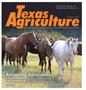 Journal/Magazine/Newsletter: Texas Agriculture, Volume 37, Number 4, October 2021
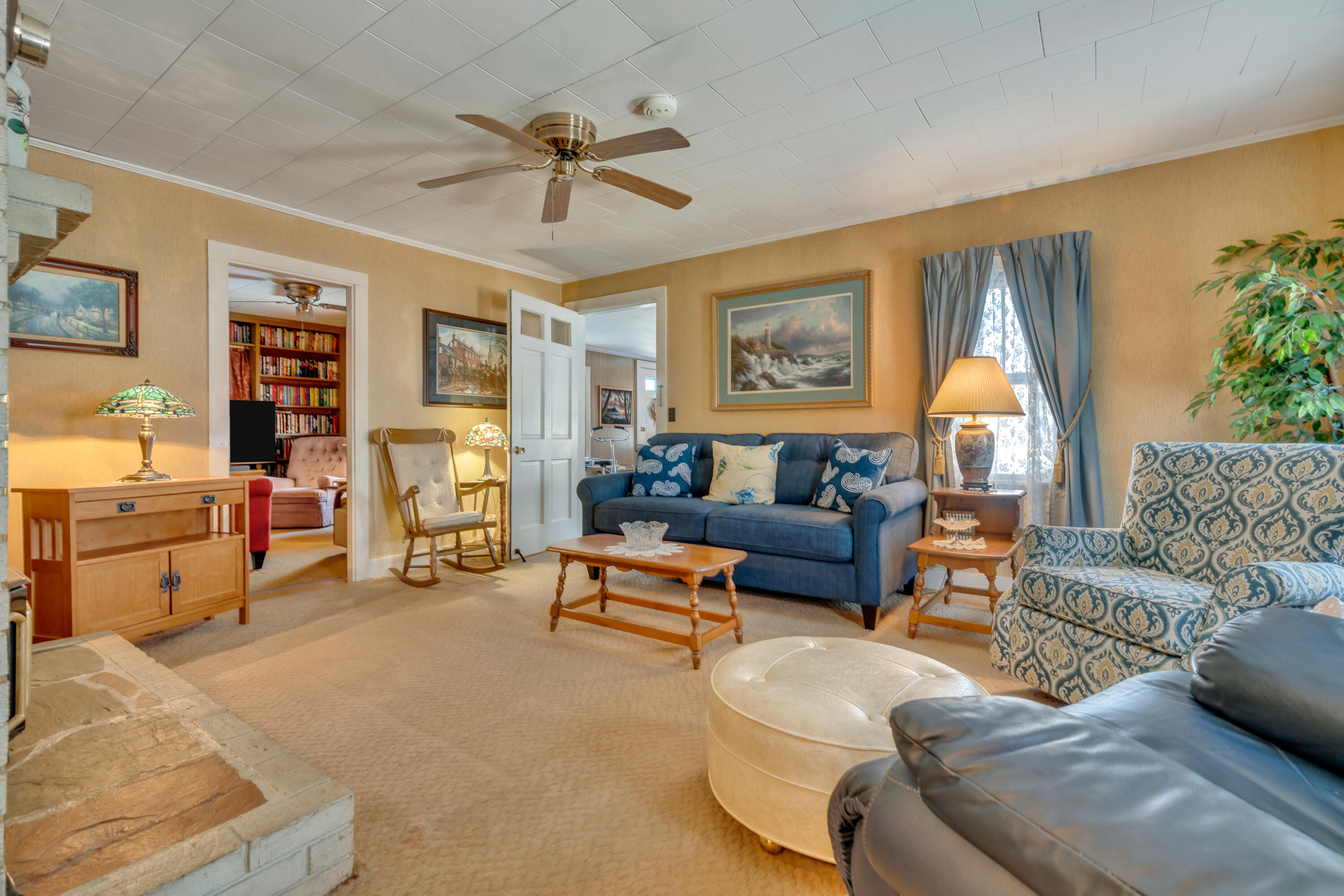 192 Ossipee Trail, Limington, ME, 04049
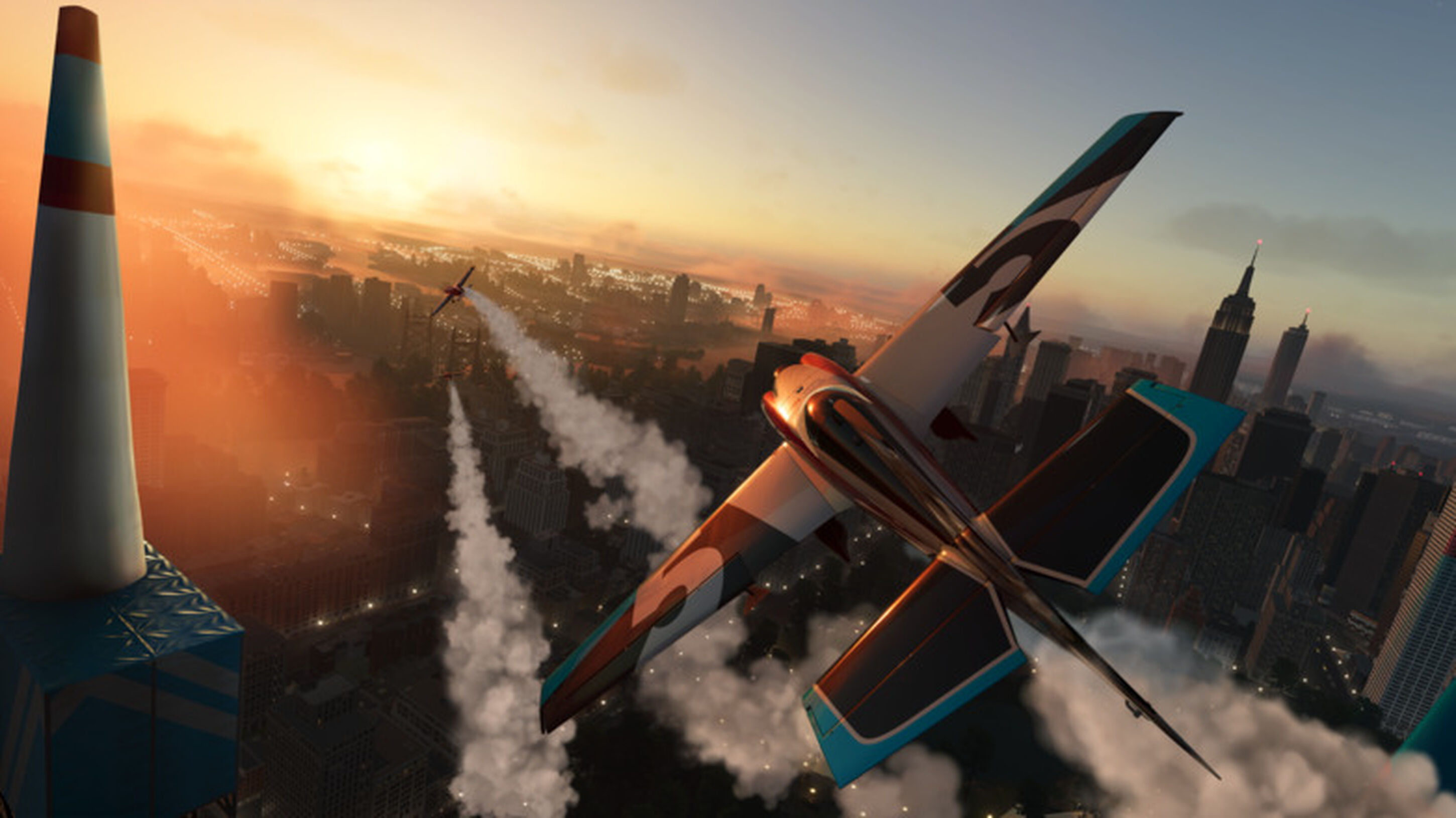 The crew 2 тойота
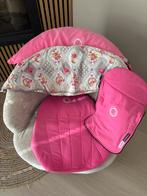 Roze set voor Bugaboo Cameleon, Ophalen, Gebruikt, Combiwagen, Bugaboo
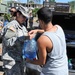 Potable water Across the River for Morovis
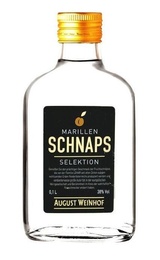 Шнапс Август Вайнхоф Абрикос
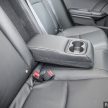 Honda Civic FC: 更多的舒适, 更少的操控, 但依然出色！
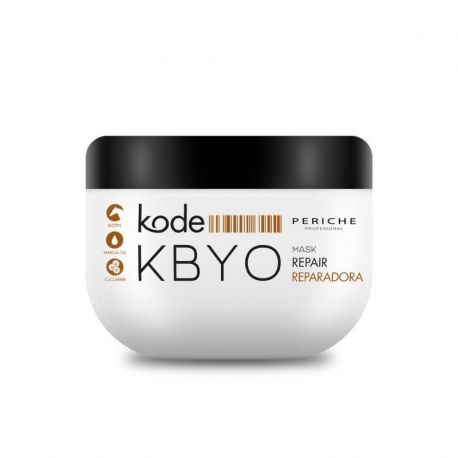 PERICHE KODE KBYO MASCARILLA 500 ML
● ● ● ● ●
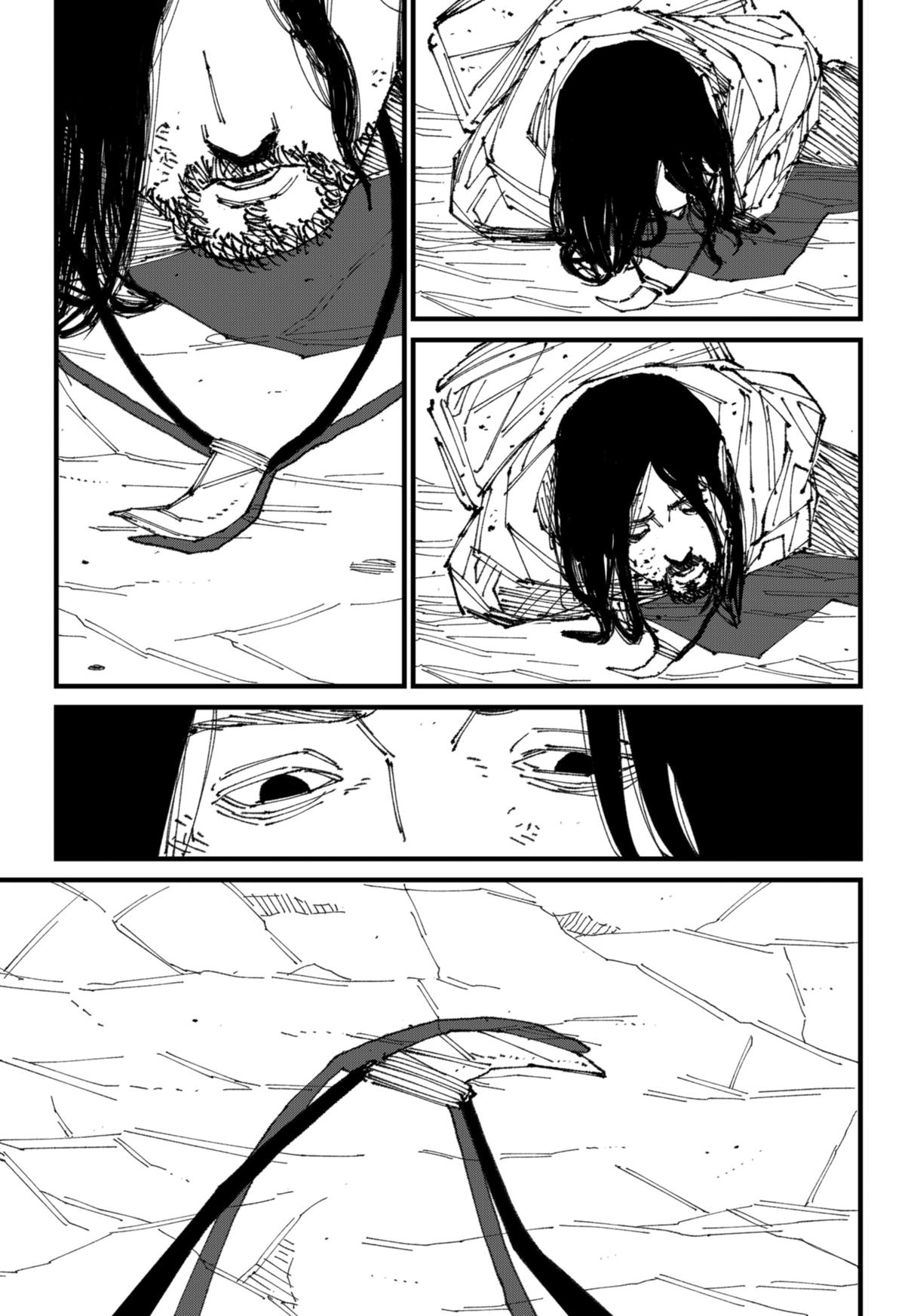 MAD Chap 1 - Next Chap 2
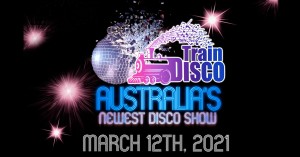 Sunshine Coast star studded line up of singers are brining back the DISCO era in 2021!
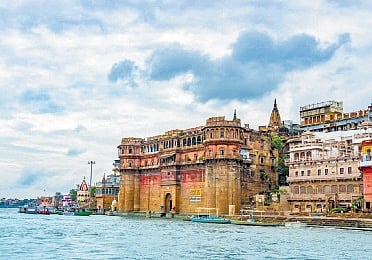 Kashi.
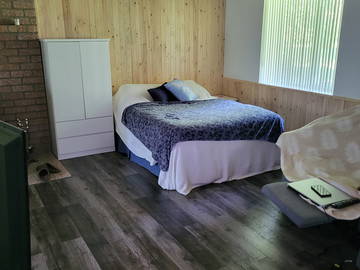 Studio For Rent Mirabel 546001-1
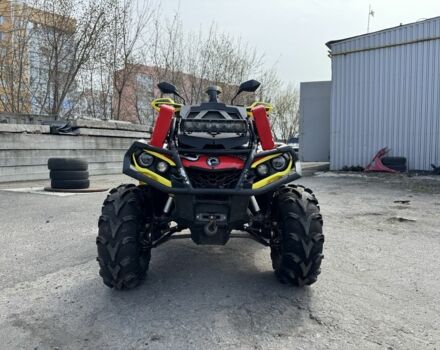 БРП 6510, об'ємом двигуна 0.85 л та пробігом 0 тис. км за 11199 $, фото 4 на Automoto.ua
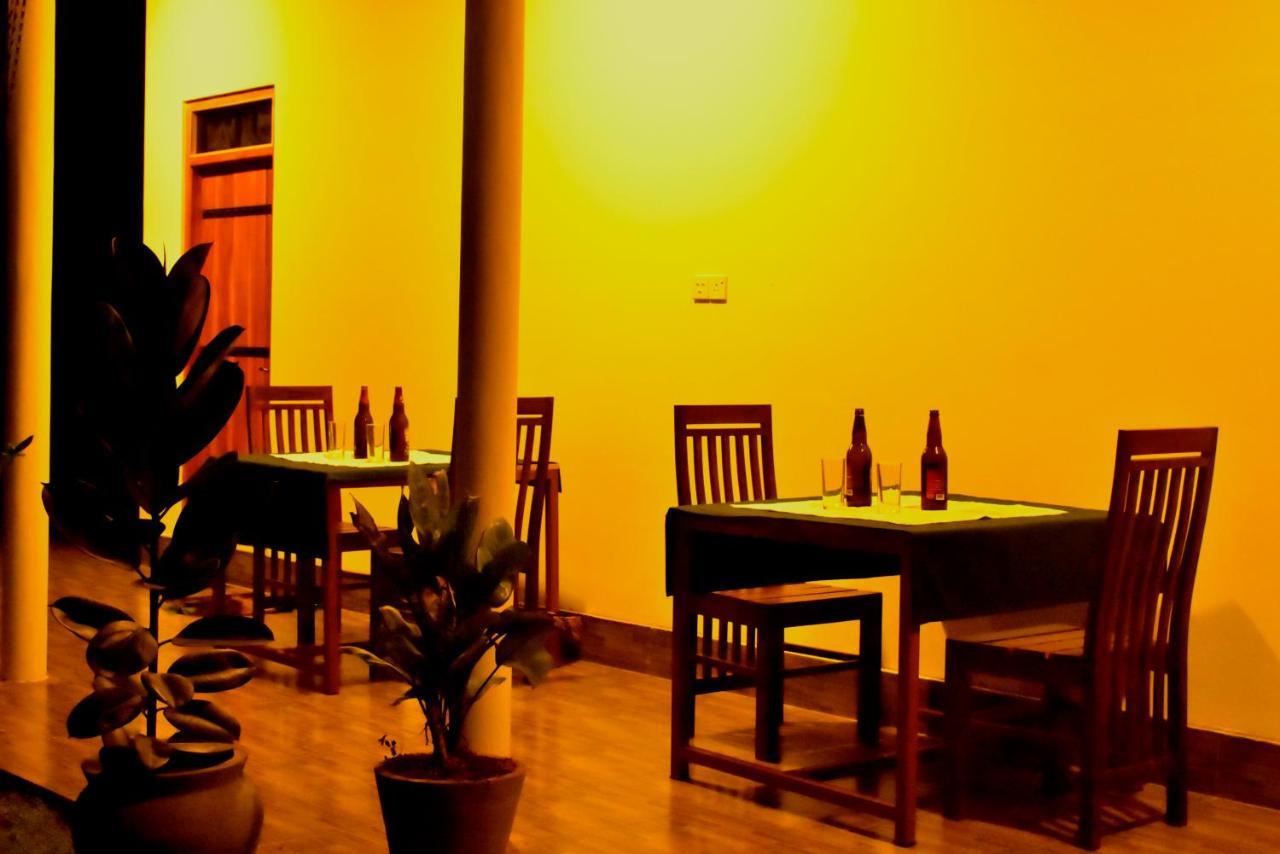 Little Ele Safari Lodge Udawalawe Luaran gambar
● ● ● ● ●
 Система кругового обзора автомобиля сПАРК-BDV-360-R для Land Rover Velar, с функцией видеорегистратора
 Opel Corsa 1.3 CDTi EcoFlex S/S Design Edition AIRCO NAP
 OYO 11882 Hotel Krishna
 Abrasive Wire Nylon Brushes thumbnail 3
● ● ● ● ●
■ WHAT YOU NEED TO DO ■
Above are some records; quote exactly and only the lines that begin at the line containing "192 Ossipee Trail, Limington, ME, 04049" and stop after the line containing "PERICHE KODE KBYO MASCARILLA 500 ML", leaving out the pictures.

■ ANSWER ■
 192 Ossipee Trail, Limington, ME, 04049
 The crew 2 тойота
 Roze set voor Bugaboo Cameleon, Ophalen, Gebruikt, Combiwagen, Bugaboo
 Potable water Across the River for Morovis
 Шнапс Август Вайнхоф Абрикос
 Honda Civic FC: 更多的舒适, 更少的操控, 但依然出色！
 PERICHE KODE KBYO MASCARILLA 500 ML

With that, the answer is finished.